● About this exercise
Lines in the listing below containing the string "Feet" are to be identified and copied.

● Entries provided
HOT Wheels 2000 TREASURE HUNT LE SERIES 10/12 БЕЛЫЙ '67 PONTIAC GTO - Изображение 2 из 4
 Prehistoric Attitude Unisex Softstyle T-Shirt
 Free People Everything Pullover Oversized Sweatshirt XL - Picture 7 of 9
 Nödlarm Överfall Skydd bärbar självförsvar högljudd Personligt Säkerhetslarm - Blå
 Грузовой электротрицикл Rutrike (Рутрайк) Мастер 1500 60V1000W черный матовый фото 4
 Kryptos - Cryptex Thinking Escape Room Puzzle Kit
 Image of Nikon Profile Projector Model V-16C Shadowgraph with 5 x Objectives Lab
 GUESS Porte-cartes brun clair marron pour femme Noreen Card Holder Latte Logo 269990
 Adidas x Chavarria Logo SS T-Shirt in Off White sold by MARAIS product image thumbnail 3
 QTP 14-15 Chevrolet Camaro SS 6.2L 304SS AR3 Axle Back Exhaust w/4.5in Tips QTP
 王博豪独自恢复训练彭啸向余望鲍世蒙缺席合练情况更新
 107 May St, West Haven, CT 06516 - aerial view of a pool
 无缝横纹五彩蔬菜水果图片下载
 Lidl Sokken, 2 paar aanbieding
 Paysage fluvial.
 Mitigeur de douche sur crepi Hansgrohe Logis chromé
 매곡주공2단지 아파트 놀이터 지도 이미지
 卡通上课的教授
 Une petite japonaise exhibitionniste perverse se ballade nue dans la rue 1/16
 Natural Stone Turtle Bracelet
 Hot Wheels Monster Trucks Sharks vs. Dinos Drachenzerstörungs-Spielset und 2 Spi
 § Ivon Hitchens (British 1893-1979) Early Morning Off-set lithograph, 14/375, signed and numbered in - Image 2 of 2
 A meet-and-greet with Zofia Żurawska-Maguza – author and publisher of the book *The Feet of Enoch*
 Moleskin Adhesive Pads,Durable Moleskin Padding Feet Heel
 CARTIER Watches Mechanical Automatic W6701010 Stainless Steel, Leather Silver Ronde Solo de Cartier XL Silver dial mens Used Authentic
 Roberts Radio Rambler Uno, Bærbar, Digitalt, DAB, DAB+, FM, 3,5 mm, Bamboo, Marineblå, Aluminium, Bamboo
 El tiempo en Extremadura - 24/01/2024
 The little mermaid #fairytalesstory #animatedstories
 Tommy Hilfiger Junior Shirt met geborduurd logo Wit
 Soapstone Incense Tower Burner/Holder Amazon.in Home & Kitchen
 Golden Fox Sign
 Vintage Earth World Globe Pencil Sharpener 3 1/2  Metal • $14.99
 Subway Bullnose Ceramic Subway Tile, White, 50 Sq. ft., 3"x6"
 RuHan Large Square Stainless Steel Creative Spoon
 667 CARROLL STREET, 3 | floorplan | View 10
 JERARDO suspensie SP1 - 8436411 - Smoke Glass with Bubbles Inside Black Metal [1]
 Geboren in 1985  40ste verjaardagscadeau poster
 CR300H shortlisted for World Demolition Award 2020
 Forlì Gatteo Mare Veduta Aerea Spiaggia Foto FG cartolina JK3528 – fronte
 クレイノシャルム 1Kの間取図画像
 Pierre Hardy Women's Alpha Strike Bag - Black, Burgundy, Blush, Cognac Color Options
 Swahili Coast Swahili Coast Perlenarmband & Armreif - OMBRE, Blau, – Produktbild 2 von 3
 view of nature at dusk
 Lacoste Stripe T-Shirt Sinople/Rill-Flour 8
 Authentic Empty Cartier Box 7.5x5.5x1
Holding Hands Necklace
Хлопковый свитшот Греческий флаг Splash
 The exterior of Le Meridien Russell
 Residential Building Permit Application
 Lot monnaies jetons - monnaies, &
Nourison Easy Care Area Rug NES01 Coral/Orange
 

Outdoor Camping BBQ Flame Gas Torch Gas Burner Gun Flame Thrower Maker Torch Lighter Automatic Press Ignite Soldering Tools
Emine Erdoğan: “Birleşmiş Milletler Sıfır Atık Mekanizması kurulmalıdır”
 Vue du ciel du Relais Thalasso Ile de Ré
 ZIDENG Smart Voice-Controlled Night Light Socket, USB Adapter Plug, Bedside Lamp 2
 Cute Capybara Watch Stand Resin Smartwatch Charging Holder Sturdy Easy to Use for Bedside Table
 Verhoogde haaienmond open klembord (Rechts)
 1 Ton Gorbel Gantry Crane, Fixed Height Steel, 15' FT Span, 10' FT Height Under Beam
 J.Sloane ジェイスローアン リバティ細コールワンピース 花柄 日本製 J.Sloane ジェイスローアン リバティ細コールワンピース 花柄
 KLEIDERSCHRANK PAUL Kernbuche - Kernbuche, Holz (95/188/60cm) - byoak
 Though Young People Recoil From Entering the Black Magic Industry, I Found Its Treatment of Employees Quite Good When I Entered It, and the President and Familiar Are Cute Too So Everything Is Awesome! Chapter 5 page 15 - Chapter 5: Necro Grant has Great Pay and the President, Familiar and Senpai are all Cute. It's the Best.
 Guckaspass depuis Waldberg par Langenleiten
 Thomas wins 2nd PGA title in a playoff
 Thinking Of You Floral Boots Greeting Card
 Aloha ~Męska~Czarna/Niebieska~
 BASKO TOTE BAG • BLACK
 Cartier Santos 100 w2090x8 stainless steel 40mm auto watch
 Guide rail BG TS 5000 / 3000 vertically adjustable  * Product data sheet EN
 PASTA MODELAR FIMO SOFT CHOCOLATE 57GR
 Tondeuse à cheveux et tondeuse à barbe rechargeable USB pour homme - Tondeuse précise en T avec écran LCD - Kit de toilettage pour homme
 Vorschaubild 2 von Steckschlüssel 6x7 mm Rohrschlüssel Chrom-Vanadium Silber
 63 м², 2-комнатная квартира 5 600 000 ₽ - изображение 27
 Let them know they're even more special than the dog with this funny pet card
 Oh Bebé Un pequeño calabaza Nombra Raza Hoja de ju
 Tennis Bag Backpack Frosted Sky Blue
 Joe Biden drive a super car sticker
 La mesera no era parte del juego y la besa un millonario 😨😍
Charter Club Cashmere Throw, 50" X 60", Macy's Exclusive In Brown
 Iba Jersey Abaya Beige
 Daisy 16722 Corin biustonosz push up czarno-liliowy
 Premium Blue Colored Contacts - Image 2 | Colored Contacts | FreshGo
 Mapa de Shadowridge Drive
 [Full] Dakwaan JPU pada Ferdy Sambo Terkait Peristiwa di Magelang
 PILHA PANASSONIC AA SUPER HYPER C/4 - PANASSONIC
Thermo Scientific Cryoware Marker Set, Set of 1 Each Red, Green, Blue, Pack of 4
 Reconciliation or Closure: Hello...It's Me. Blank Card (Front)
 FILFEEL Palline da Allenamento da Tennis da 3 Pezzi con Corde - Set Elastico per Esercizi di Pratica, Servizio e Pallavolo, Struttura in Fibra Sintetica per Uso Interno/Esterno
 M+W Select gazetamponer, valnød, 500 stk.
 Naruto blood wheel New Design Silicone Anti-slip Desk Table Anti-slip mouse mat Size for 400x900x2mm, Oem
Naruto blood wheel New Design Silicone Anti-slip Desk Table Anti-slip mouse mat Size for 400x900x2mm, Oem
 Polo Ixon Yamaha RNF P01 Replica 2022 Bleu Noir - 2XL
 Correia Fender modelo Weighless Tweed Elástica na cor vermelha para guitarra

● Written answer
 A meet-and-greet with Zofia Żurawska-Maguza – author and publisher of the book *The Feet of Enoch*
 Moleskin Adhesive Pads,Durable Moleskin Padding Feet Heel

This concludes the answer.